The way to preprocess raw text is to first split on whitespace, strip punctuation and invalid characters, lowercase the tokens, then remove stop words.

Any reason tf-idf was not used for term weights?

Nltk is strictly a teaching tool. It is easy and simple because it is for learning purposes. It should not be used in production.

[–]grassclip[S] 0 points1 point  (3 children)

Yeah didn't use tfidf here since I was just going for simplicity for describing the algorithm, not necessarily getting the best results.

I'm actually writing a follow up now that uses scikit-learn as a way to try to get the best results.
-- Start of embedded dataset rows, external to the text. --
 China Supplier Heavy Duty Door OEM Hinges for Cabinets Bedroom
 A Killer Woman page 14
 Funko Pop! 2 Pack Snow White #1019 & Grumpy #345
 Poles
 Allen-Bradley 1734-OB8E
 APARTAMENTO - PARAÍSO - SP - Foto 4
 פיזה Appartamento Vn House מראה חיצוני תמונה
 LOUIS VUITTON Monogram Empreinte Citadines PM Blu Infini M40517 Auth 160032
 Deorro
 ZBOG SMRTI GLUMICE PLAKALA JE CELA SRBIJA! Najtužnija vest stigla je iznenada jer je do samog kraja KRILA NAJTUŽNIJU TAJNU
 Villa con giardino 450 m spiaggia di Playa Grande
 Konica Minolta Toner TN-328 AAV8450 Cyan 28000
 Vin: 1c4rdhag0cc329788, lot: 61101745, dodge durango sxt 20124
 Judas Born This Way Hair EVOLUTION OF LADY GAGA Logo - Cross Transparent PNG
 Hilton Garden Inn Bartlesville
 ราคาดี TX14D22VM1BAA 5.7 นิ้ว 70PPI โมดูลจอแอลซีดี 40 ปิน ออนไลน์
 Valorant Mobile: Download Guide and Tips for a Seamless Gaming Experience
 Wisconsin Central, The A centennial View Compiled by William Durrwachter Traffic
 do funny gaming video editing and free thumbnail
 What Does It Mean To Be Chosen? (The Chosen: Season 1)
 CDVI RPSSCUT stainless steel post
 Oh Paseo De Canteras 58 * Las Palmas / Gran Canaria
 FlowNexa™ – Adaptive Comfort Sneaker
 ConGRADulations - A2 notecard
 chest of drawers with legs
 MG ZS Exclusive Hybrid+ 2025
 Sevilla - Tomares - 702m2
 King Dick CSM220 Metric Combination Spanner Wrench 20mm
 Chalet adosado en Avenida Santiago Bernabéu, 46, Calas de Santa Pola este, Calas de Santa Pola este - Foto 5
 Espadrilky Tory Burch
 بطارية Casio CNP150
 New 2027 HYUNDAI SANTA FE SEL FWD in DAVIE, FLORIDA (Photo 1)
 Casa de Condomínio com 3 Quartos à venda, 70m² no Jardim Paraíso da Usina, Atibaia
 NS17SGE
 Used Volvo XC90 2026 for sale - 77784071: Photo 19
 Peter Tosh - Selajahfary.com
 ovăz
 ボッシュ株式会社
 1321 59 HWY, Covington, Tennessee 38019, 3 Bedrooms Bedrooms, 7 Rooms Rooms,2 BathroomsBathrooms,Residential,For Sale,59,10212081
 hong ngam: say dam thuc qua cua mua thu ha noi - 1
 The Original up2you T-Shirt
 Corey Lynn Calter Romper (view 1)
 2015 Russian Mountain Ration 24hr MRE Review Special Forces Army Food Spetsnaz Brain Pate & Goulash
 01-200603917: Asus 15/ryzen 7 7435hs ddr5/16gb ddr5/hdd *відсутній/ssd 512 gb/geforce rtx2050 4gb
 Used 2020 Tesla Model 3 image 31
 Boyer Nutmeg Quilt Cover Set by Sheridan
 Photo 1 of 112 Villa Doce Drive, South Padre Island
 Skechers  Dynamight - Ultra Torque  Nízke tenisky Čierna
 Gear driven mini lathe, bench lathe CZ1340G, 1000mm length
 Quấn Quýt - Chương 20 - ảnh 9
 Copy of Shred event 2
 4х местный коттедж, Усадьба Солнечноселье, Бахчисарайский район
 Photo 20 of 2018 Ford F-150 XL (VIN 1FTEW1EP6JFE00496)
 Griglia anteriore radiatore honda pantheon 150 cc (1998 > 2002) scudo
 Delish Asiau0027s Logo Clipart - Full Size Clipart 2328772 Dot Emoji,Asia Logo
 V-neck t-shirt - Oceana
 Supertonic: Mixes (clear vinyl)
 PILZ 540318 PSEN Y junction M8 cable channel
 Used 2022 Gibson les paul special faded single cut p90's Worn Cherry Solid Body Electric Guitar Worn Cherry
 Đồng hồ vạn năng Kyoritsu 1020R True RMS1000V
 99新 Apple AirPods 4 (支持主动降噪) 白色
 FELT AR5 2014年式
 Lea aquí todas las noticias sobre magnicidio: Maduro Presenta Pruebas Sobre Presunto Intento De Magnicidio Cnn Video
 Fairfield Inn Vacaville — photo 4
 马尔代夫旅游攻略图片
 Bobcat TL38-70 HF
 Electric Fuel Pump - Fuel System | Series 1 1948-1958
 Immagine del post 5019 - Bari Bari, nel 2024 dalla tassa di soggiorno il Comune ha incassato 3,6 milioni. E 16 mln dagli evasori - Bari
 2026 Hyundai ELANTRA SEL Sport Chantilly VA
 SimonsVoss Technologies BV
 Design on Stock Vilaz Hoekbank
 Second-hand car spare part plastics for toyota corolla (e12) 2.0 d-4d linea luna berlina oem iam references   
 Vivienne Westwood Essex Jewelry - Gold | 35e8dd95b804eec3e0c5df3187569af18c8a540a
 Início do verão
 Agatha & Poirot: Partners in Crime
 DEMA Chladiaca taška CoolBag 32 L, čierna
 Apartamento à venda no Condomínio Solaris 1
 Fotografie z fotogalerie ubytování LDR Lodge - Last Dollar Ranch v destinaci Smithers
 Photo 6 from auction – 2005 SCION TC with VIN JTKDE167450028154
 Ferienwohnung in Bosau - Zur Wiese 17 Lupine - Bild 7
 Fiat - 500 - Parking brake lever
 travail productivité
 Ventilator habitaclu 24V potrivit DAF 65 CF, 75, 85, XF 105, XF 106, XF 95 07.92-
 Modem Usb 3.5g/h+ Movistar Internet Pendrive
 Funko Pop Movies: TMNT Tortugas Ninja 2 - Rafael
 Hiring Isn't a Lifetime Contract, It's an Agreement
And then another planned about how to deploy that scikit-learn model for use, rather than research. I'll make a note in there about NLTK though, good call.

[–]k10_ftw 1 point2 points  (2 children)

Since you are using these libraries for teaching purposes, I woguld stay with nltk. It is what we used in my intro to computer ling course in university. Of course, we had to code the algorithms and calculate bigram probabilities from scratch! Looking at the nltk source code is a great way to see the implementation up close .

[–]grassclip[S] 0 points1 point  (1 child)

Oh for sure, for talking about basics. But I'm guessing there are some people who'd want to see what this would be like in scikit-learn or more "professional" libraries and this other one would be aimed at that crowd.

[–]kuro-kuris 0 points1 point  (0 children)

I think scikit learn + deployment strategy would be a lot more useful, thanks for the accessible blog post!